Have you had a chance to check the moisture % with a refractometer? Sometimes honey that is just beginning to crystallize and ferment will create a foam that rises to the surface when warmed and reliquefied. Not saying that's what you have going on .. just wanted to throw it out there.


----------



## KQ6AR (May 13, 2008)

If its white & not foamy it could be wax. If its foamy probably fermentation started.


----------



## frankthomas (Aug 2, 2012)

Thanks Aunt Betty, I like your perspective. I agree that a natural unprocessed product is going to have flaws and that's a good thing. I am no longer concerned. I don't believe that it is fermentation because last years batch from the same location has the same thing and bottles that were 6-8 months old were just fine with no increase in the foam. Here's a pic of the ring...


----------



## Scpossum (May 4, 2014)

The honey I extracted this year has this same ring around it. First extraction so I do not have anything to compare it to.


----------



## aunt betty (May 4, 2015)

Don't know but have stuck my finger into a jar, rubbed the white onto it, then tasted it, and it seemed to me like it was crystally for lack of a better word. It's edible anyway.


----------



## Ravenseye (Apr 2, 2006)

I usually get that towards the end of my bottling. After I extract, I let the bucket rest for a period of time. A day or more in a warm area is helpful. Tiny bits of wax and some bubbles end up on the top of the honey sitting in the bucket. I carefully extract until I have to tip the bucket. Usually by then some of that waxy, bubbly stuff is coming through the gate and all that honey is for my use. If it's a real thick coating, I'll skim it.


----------



## KQ6AR (May 13, 2008)

Probably just wax, but just to be safe you can ship the whole crop over to me. I will dispose of it responsibly


----------



## squarepeg (Jul 9, 2010)

Ravenseye said:


> I usually get that towards the end of my bottling. After I extract, I let the bucket rest for a period of time. A day or more in a warm area is helpful. Tiny bits of wax and some bubbles end up on the top of the honey sitting in the bucket. I carefully extract until I have to tip the bucket. Usually by then some of that waxy, bubbly stuff is coming through the gate and all that honey is for my use. If it's a real thick coating, I'll skim it.

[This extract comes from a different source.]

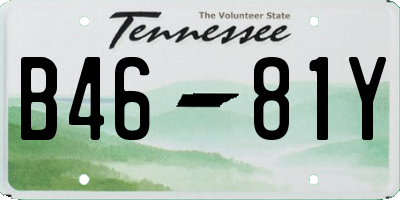 TN license plate B4681Y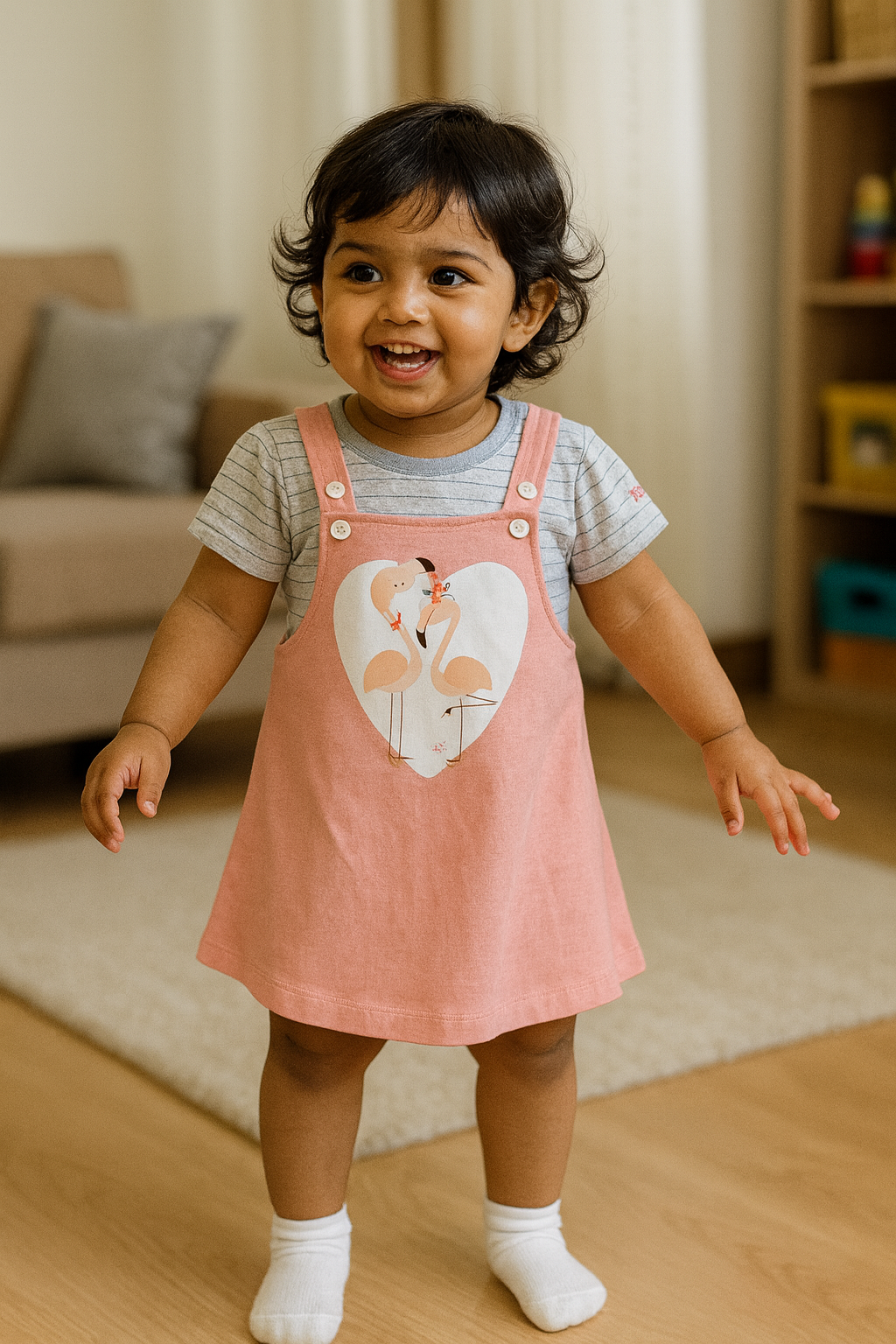 Girl Dress with T-Shirt Set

exactly my experience. it's mostly fine wax particles that make it through the strainer, and by being careful it only ends up in the very last jar. i'll fill that last jar a little more full and spoon it out (and eat it) after a day or two of settling. that jar can be still be sold but it's the one i'll keep if i'm needing some.


----------



## frankthomas (Aug 2, 2012)

KQ6AR said:


> Probably just wax, but just to be safe you can ship the whole crop over to me. I will dispose of it responsibly


Dan that is such a gracious offer. :lpf::lpf:


----------